*** DATA SUPPLIED Section Begins ***

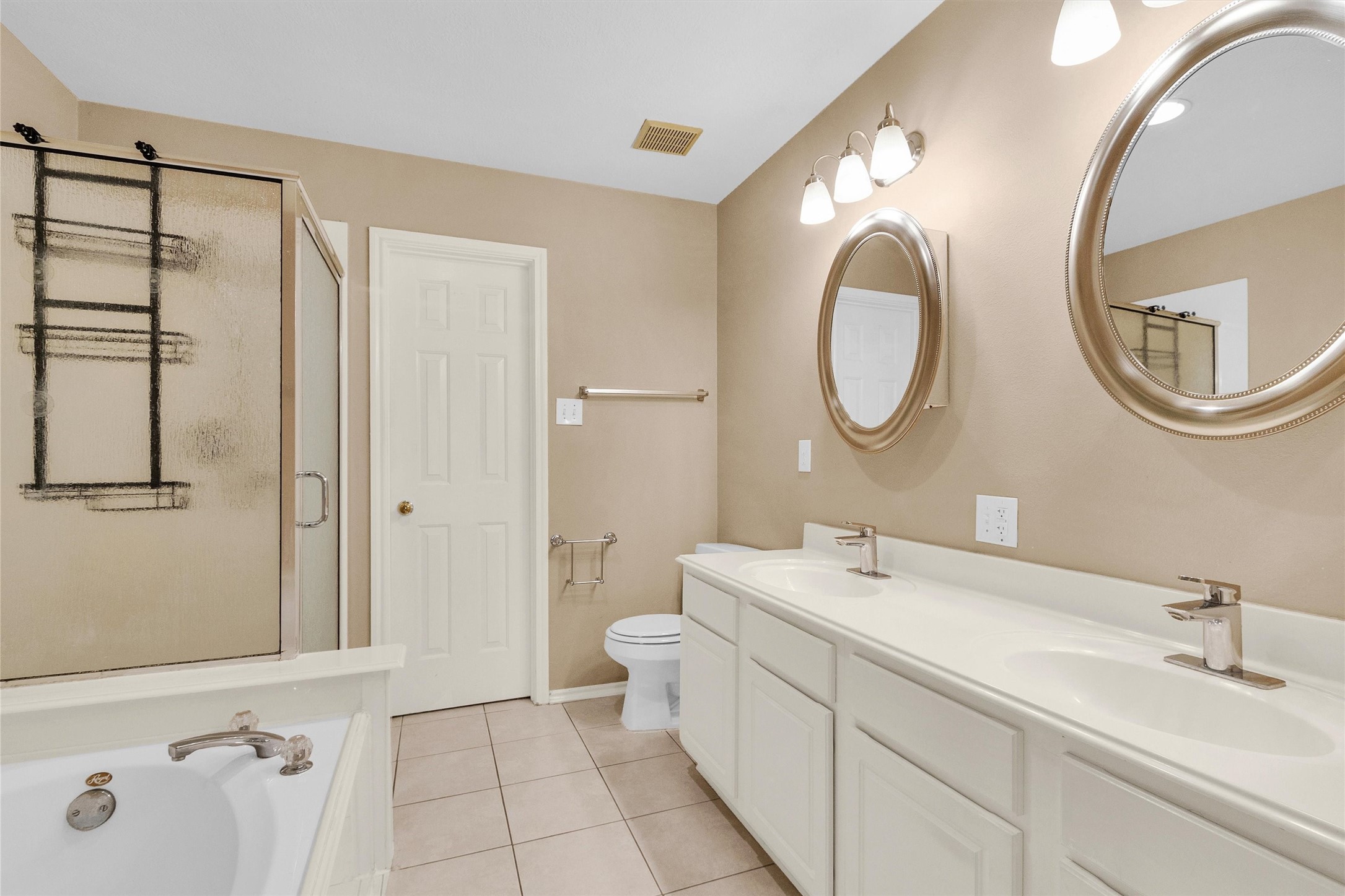 31 N Walden Elms Circle Property Photo 15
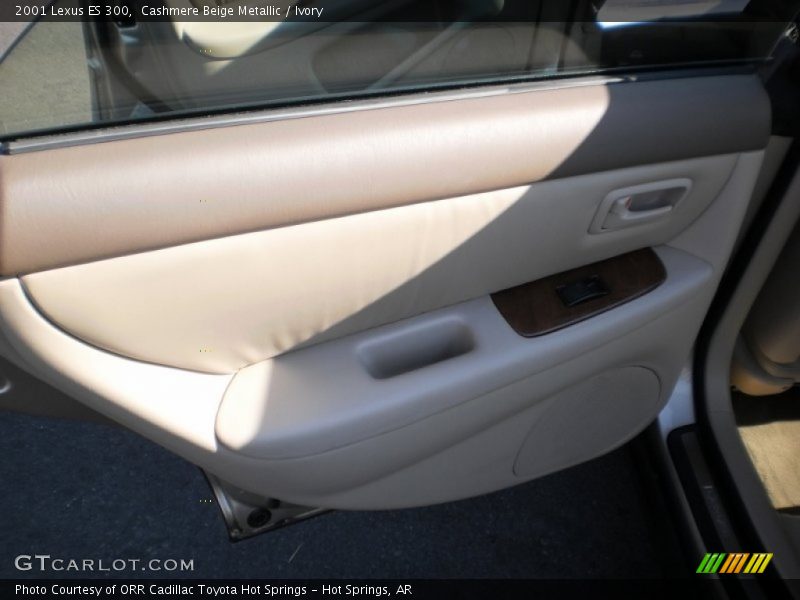 Cashmere Beige Metallic / Ivory 2001 Lexus ES 300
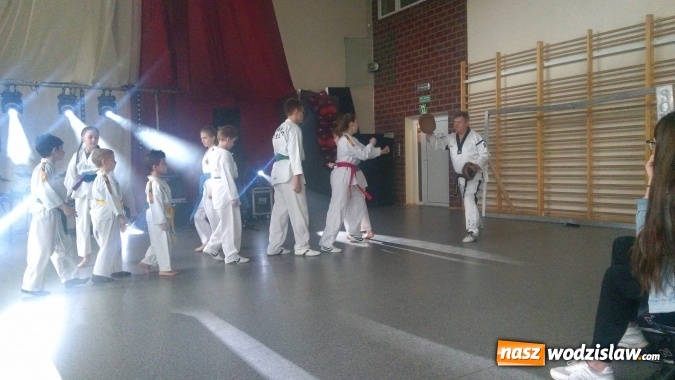 Zdjęcie w galerii na portalu naszwodzislaw.com: Koncert Charytatywny Otwórzmy nasze serca w wodzisławskim Ekonomiku wiadomości z regionu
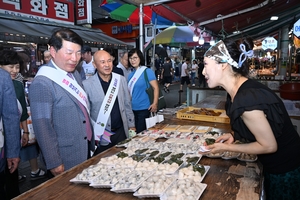 백경현 구리시장, 전통시장서 장보고 추석물가 점검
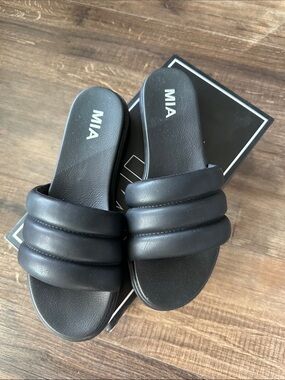 MIA Black Quilted Slide Sandals
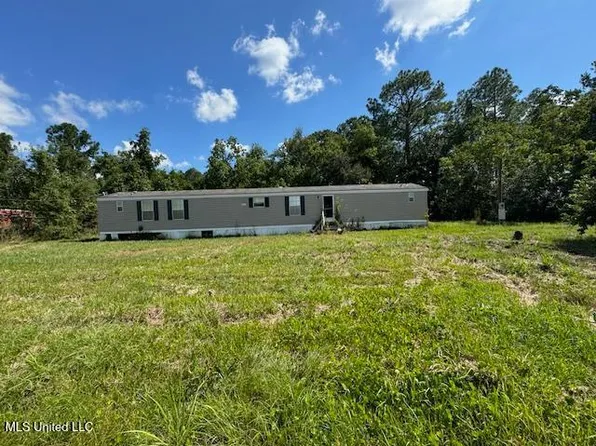 7046 Alcorn St, Bay Saint Louis, MS 39520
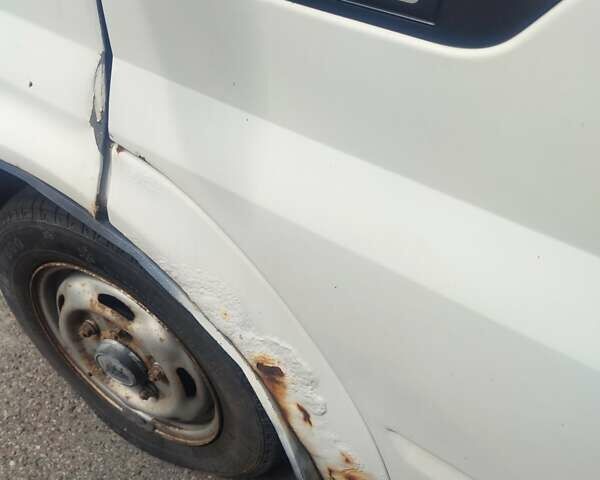 Белый Форд Транзит, объемом двигателя 2 л и пробегом 300 тыс. км за 4200 $, фото 4 на Automoto.ua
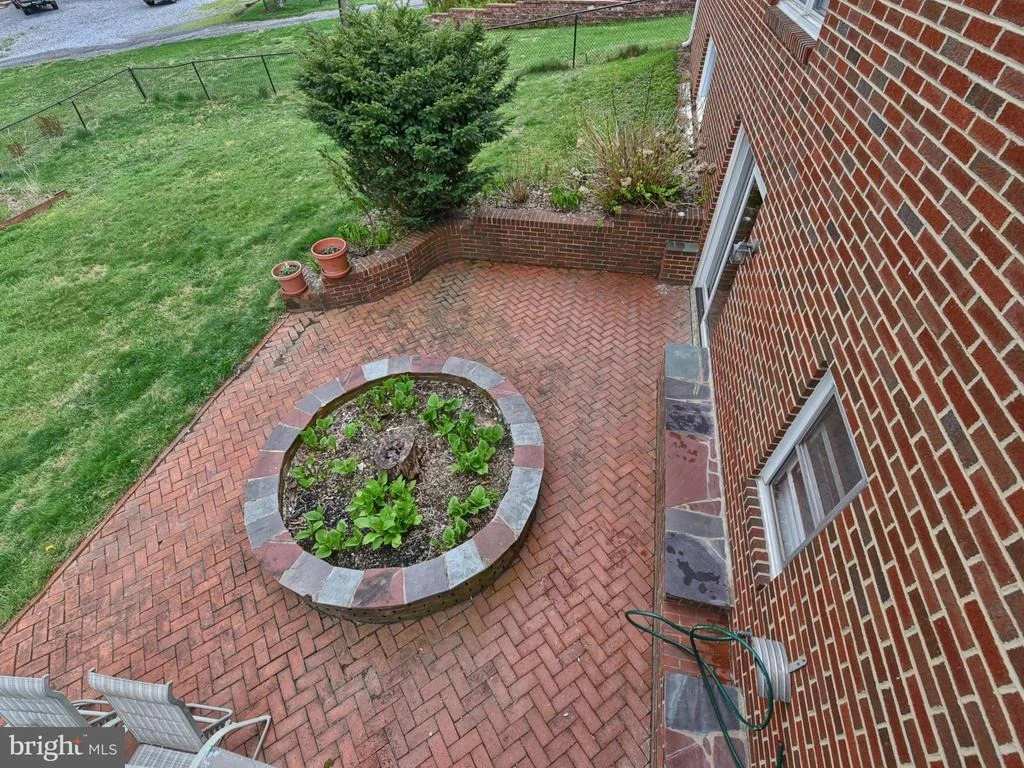 Photo of 6143 LONG BRANCH ROAD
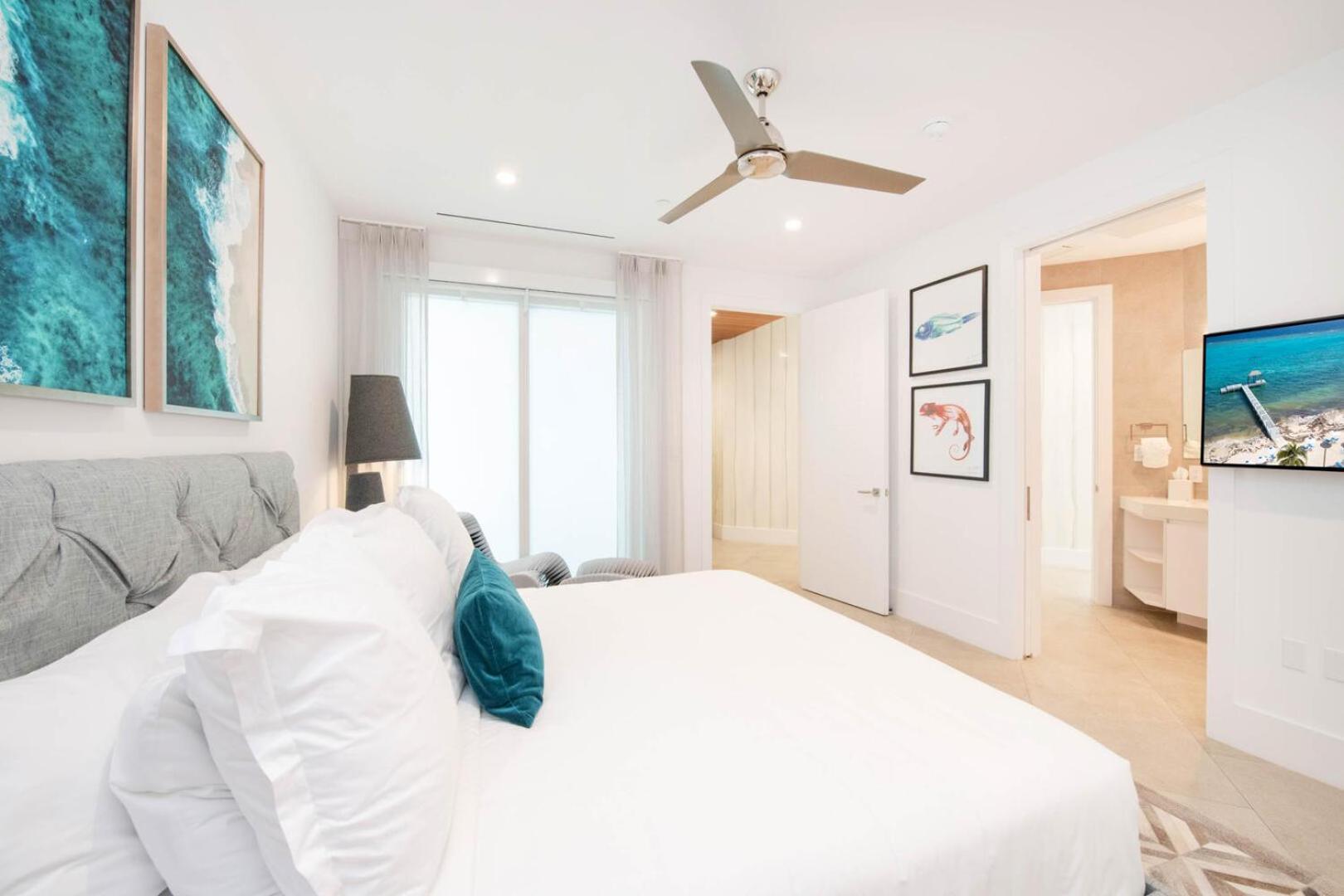 Point 501 Penthouse Apartment *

*** DATA SUPPLIED Section Ends ***

**WORK REQUIRED:** Transcribe only the lines between the line containing "Белый Форд Транзит, объемом" and the final line of the listing, inclusive, exactly as they appear; no pictures are to be included.

**SOLUTION TO THIS EXERCISE:**
 Белый Форд Транзит, объемом двигателя 2 л и пробегом 300 тыс. км за 4200 $, фото 4 на Automoto.ua
 Photo of 6143 LONG BRANCH ROAD
 Point 501 Penthouse Apartment *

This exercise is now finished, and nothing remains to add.